> Source information
# # # #
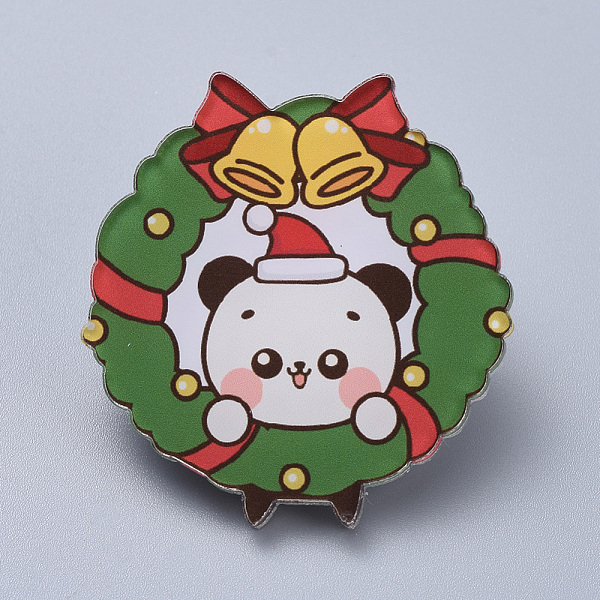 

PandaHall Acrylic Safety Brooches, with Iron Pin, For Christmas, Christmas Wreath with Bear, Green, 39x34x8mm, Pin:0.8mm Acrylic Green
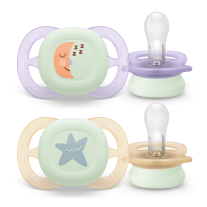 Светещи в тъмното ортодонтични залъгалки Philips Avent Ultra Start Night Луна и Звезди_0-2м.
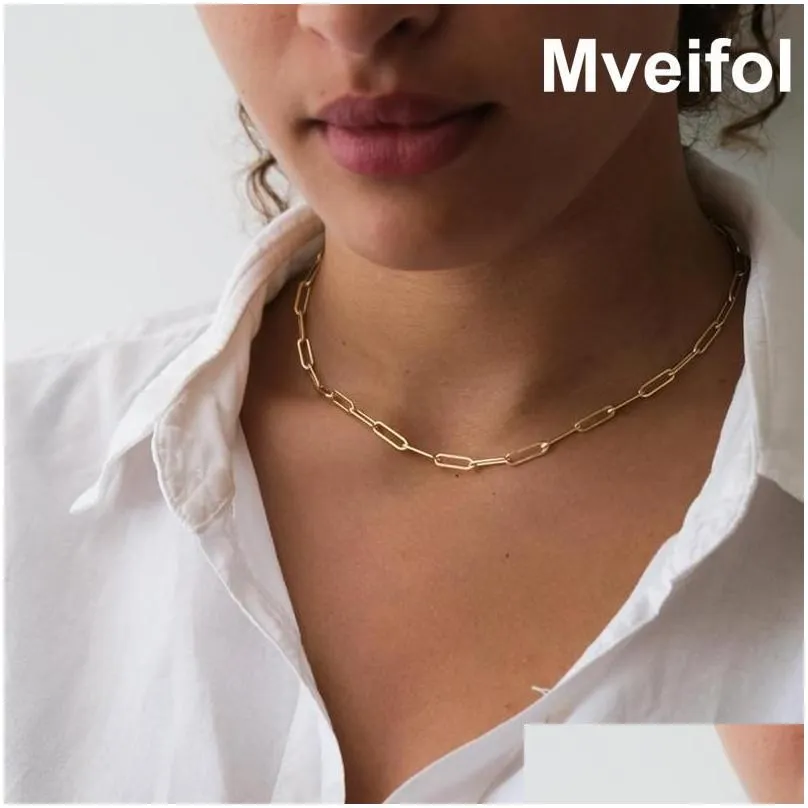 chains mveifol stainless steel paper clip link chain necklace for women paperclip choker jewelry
# # # #
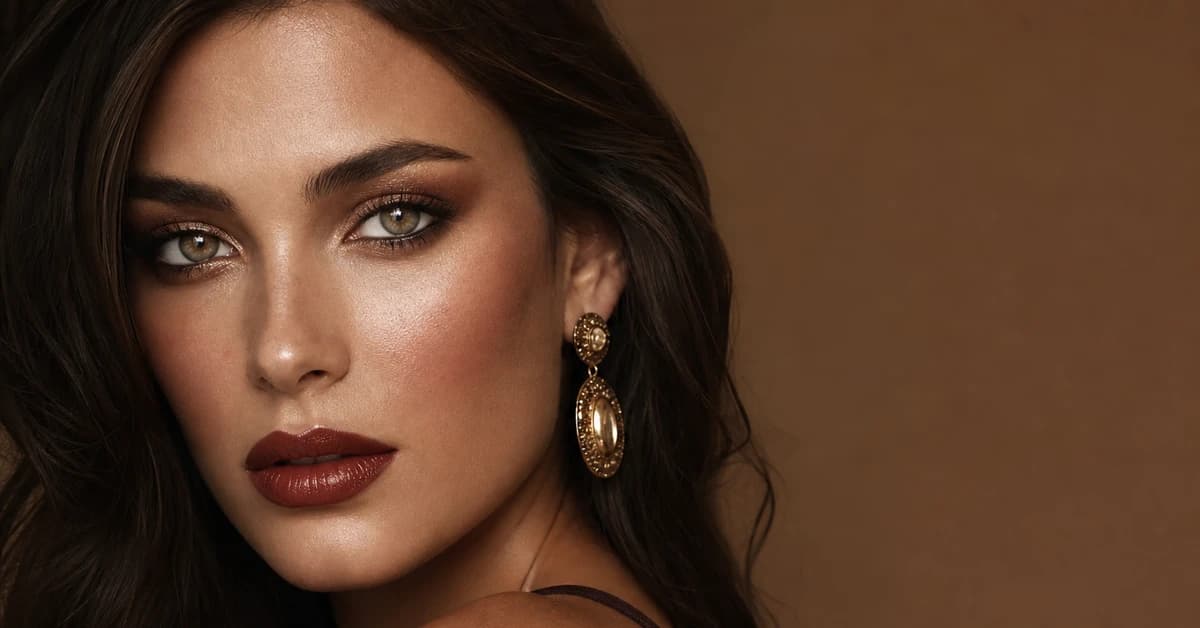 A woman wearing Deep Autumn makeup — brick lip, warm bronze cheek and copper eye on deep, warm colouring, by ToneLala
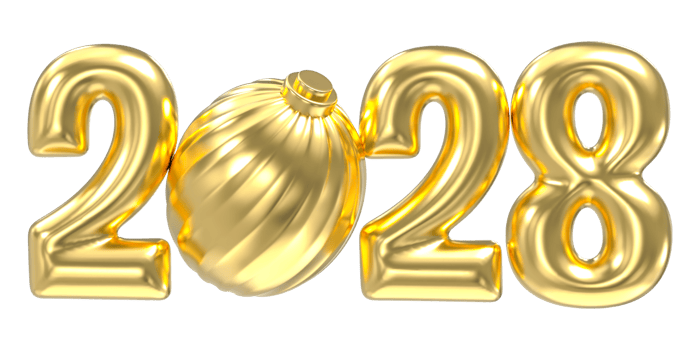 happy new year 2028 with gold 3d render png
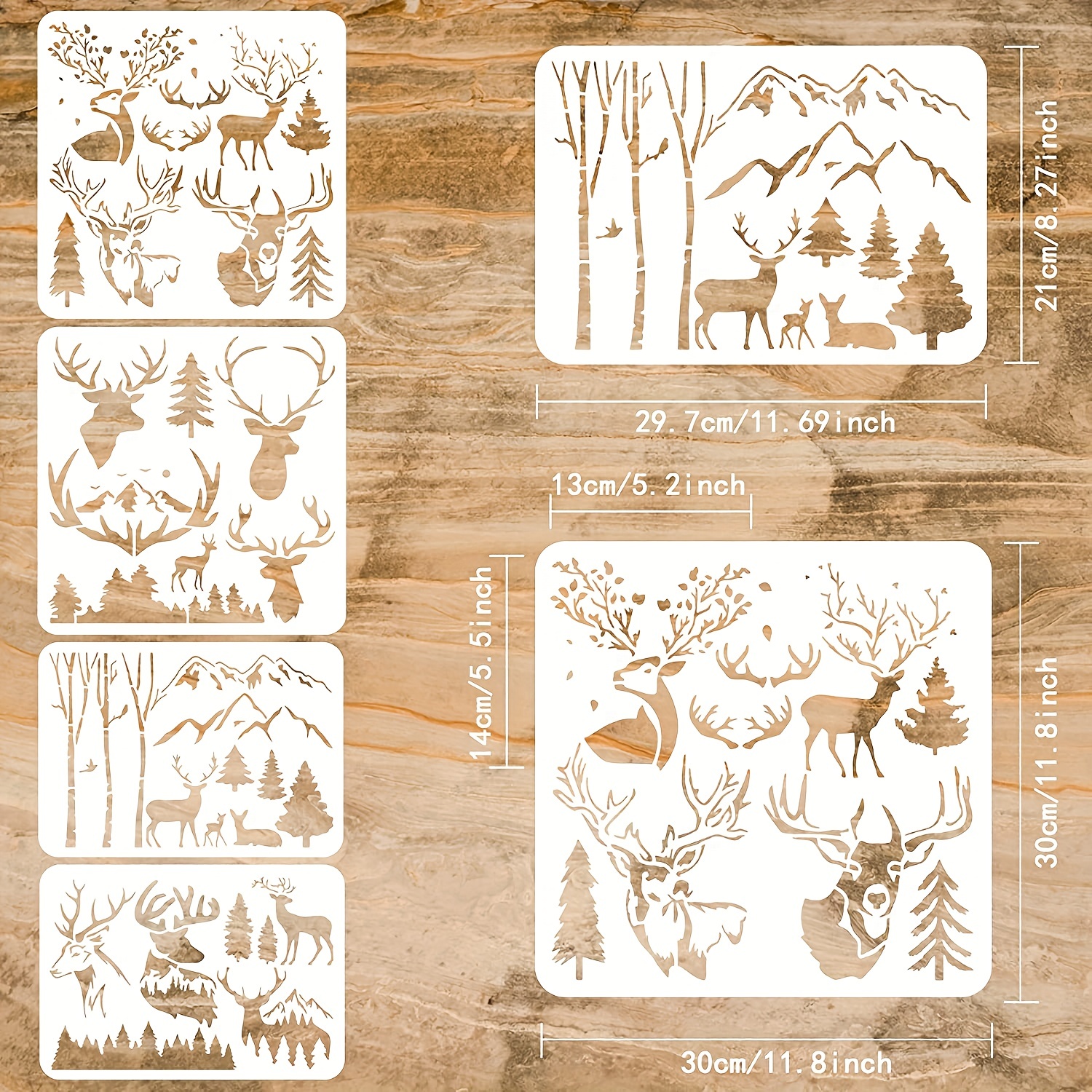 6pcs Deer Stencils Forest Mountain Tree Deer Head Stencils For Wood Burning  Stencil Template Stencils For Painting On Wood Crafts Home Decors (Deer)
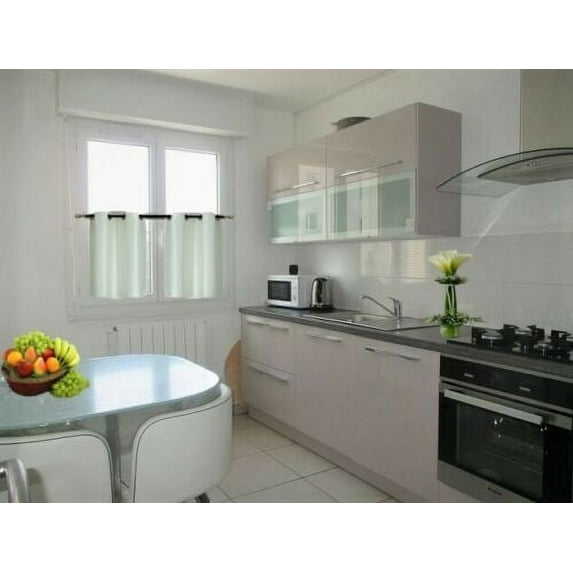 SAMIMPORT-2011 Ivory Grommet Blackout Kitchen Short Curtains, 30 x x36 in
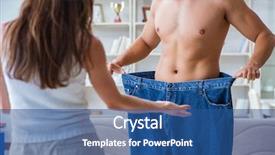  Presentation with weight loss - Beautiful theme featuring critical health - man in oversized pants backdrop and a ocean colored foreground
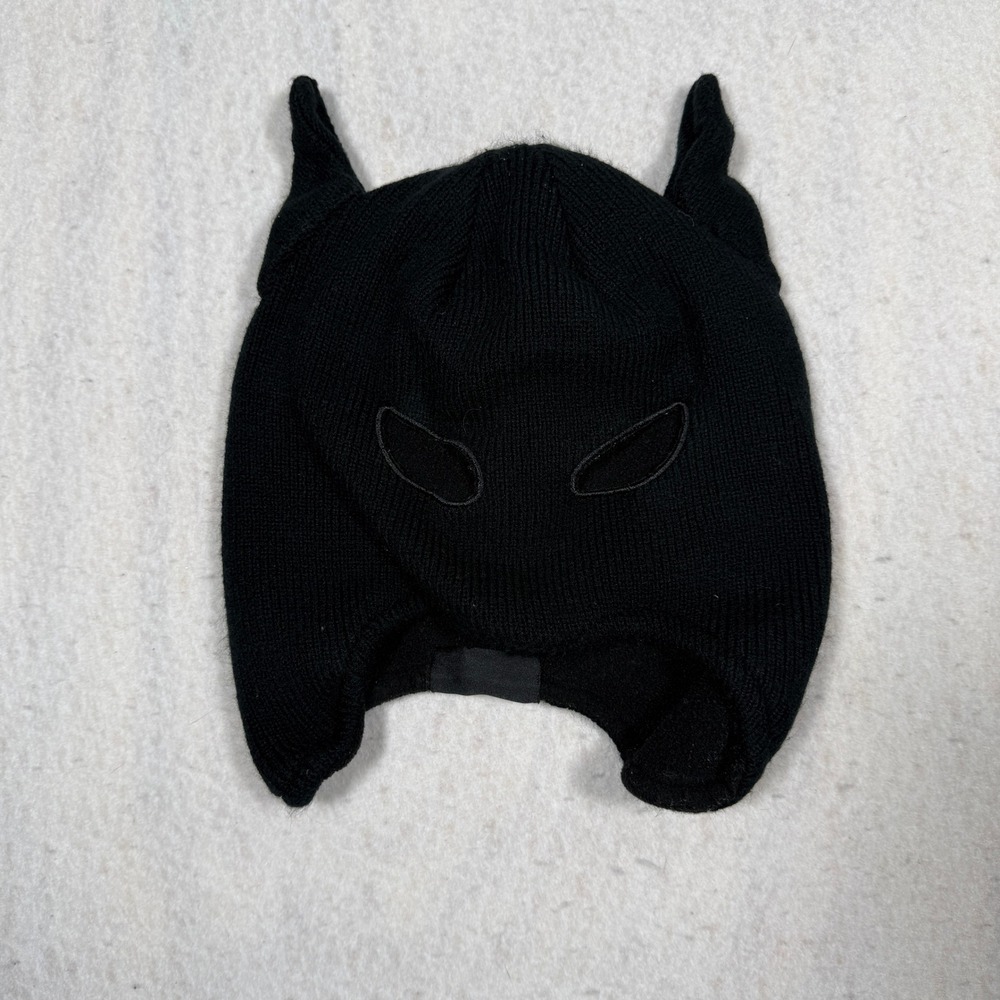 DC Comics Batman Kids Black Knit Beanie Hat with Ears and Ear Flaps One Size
# # # #
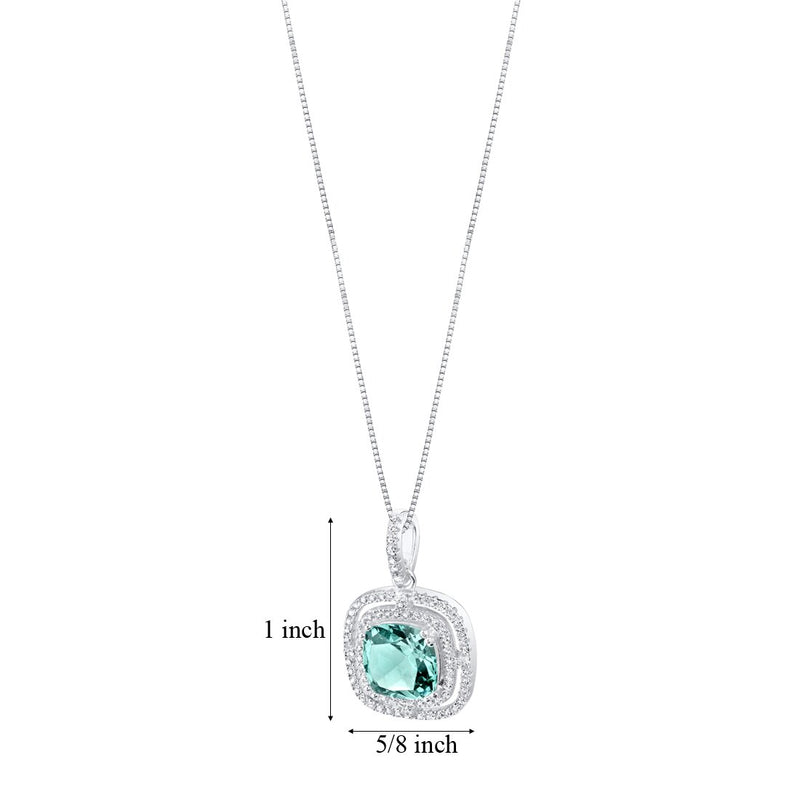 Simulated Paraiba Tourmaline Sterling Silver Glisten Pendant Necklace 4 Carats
# # # #
> Work to complete
Take the lines above starting at the one containing "6pcs Deer Stencils" and ending at the one containing "SAMIMPORT-2011 Ivory Grommet", and print them again exactly, without pictures.

> Solution to this exercise
 6pcs Deer Stencils Forest Mountain Tree Deer Head Stencils For Wood Burning  Stencil Template Stencils For Painting On Wood Crafts Home Decors (Deer)
 SAMIMPORT-2011 Ivory Grommet Blackout Kitchen Short Curtains, 30 x x36 in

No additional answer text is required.